For many Baby Boomers and Gen Xers, Columbia House was the way to amass a music collection, thanks to its deals for "11 records or tapes for $1." It later shifted its focus to CDs and by 1996 hit a peak with $1.4 billion in revenue. When CDs fell out of favor with buyers, it dropped music and settled on DVDs and until recently still had about 111,000 subscribers.

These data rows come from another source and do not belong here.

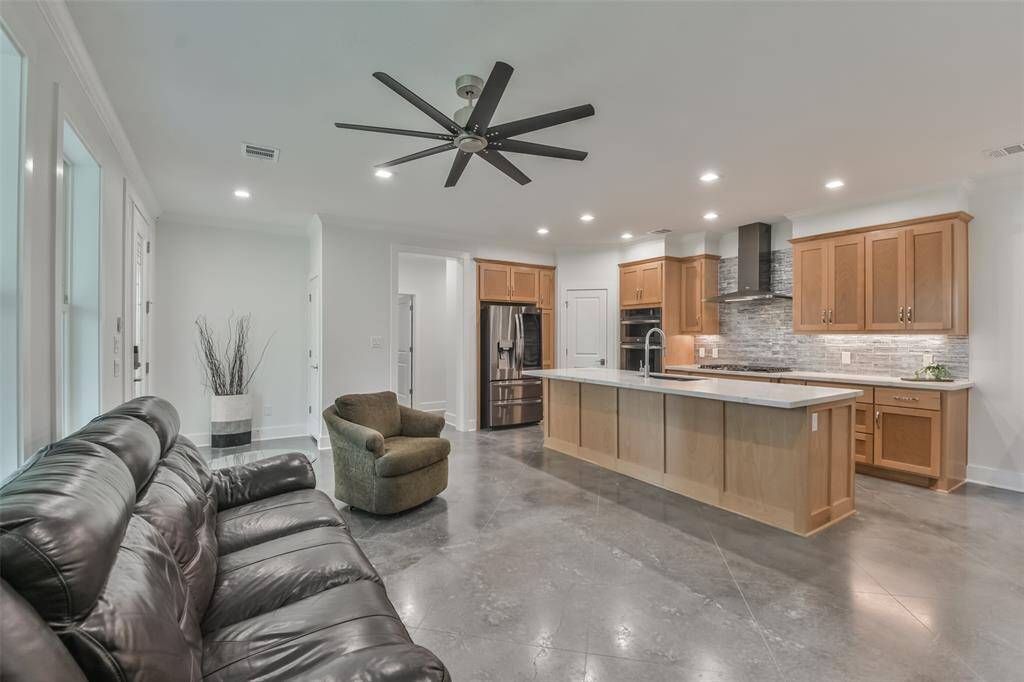 Open and spacious floor plan, ideal for entertaining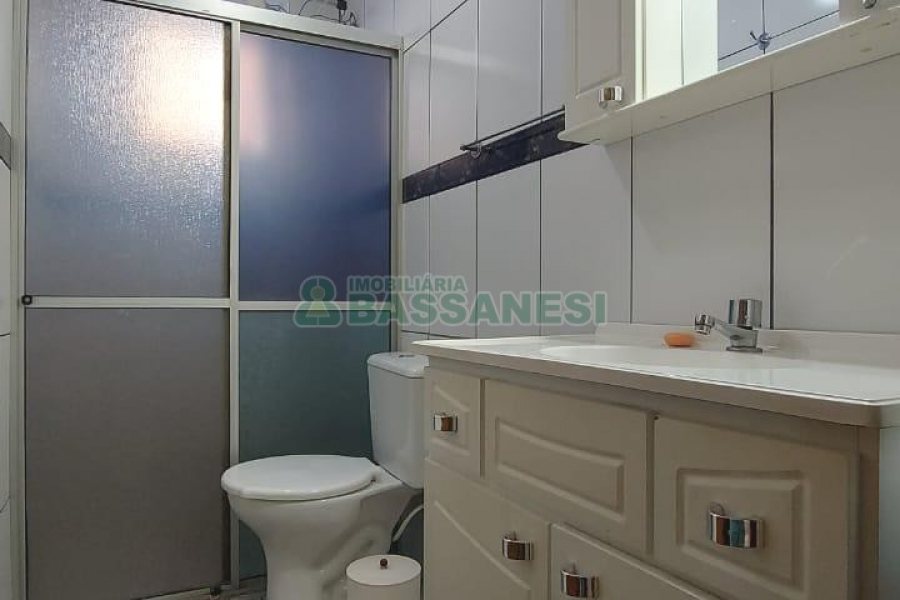 Apto Mobiliado com 62m², 2 dormitórios, 1 vaga, no bairro Centro em Caxias do Sul para Comprar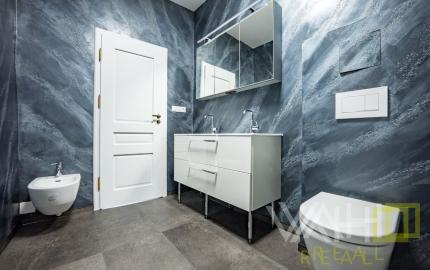 NA PRENÁJOM 2-izbový kancelársky priestor na Trojičnom námestí, Trnava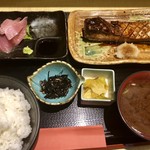 Washoku To Washu Isojiman - 天然ぶりカマ焼き定食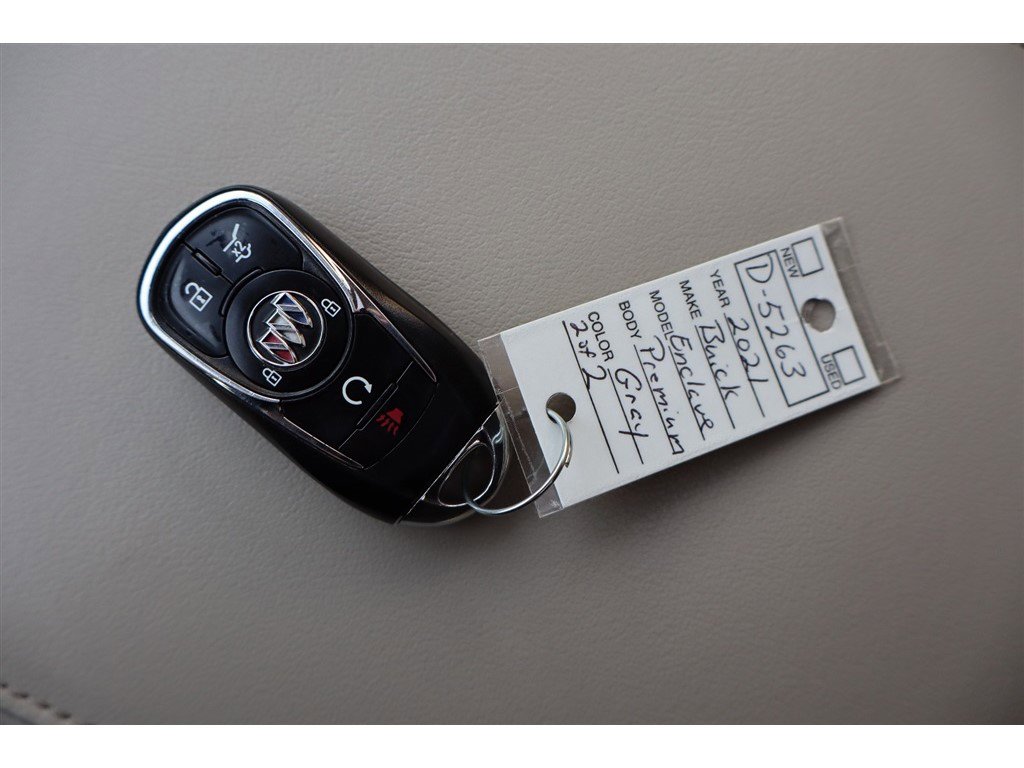 Used 2021 Buick Enclave Premium w/ Sun and Sites Package FWD image 37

Over the years, ownership has gone from CBS to Sony to Bertelsmann AG to Najaf Cos and finally to a Pride Tree Holdings company called Filmed Entertainment Inc (FEI), at which Lippman is CEO.

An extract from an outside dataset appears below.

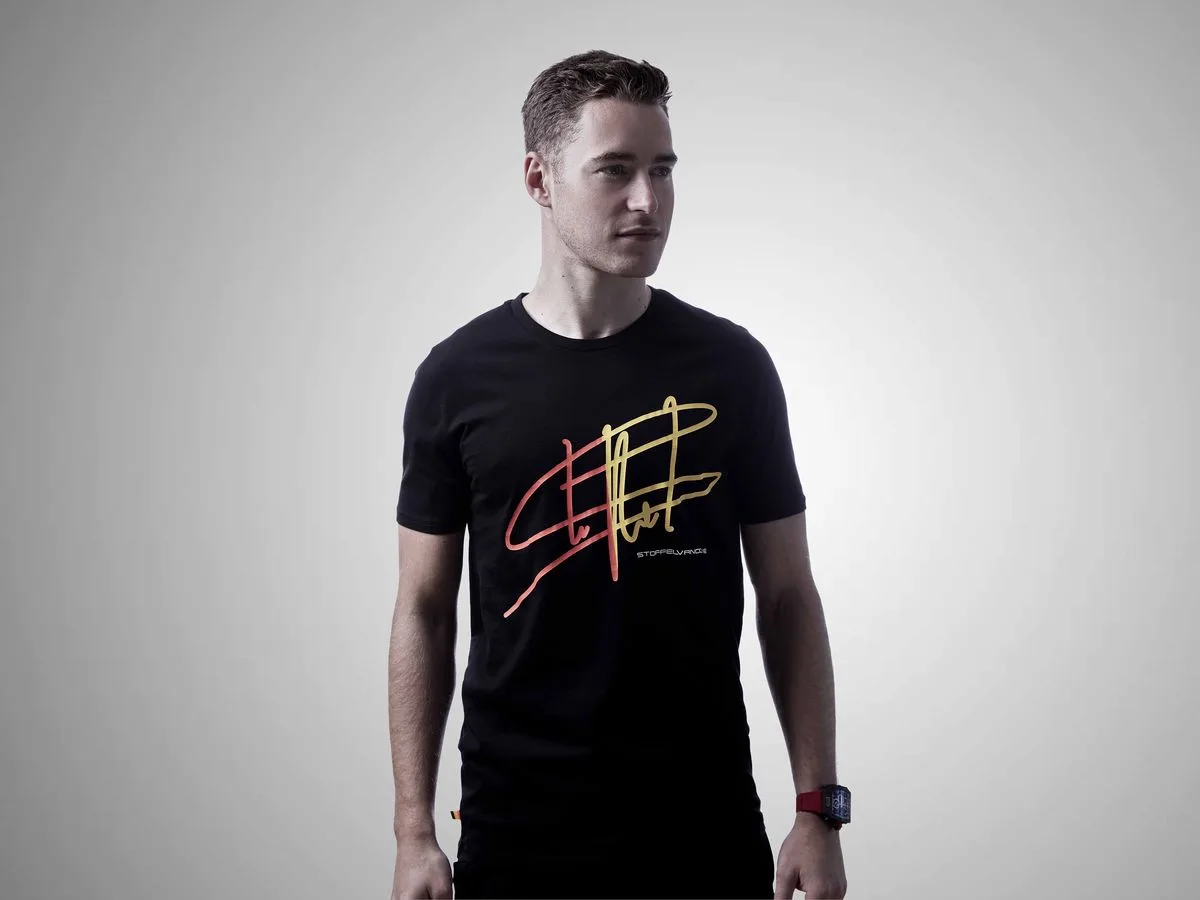 Heritage - Formula-1 - Drivers - Stoffel-vandoorne - Get-your-stoffel-vandoorne-kit-on - Get your Stoffel Vandoorne kit on Available at the McLaren Store now - 0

Lippman put FEI, Columbia House’s immediate parent, into chapter 11 bankruptcy protection in August with $2 million in assets and $62 million in liabilities. (Creditors include Universal, Warner Bros., Lionsgate, Paramount, Sony, Anchor Bay and others.) WSJ reports that when no suitors arrived at a bankruptcy auction, he offered to buy the company for about $1.5 million.

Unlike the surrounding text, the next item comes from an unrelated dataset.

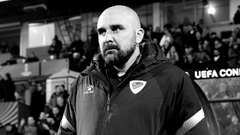 Huấn luyện viên vừa nhậm chức 10 ngày qua đời sau cơn đột quỵ trong trận đấu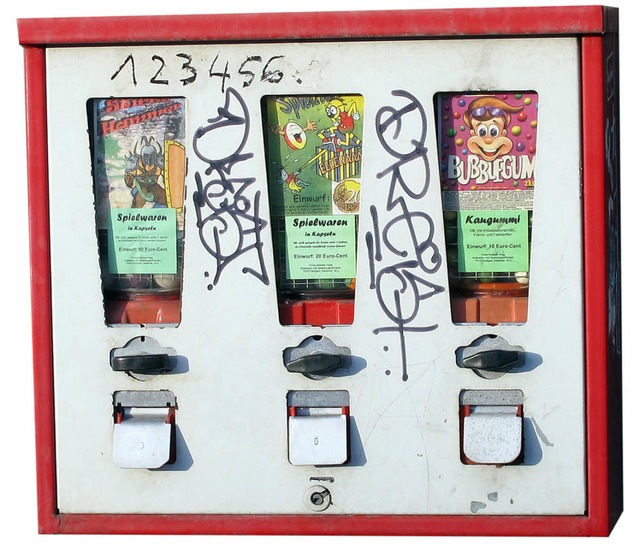 Ein Kaugummi-Automat wie man ihn kennt...ngierten Automaten mit Kunst befllt.   | Foto: dpa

Though short on details of how a vinyl-selling Columbia House will work, Lippman said that “for a category that is meaningful and growing rapidly, you don’t see a whole lot of choice" online. That said, he stressed that Columbia House probably won’t be a traditional store where you can pick-and-choose whatever you want. Rather, the service may resemble a book-of-the-month club but with more choices, where, as WSJ notes, subscribers will have “some ability to choose the records, genres of music and possibly other types of media they receive."

As for pricing, Lippman hinted that he’s considering a dialed-down (you’re not getting 10 vinyl records for a dollar) version of Columbia House’s old promotion schemes.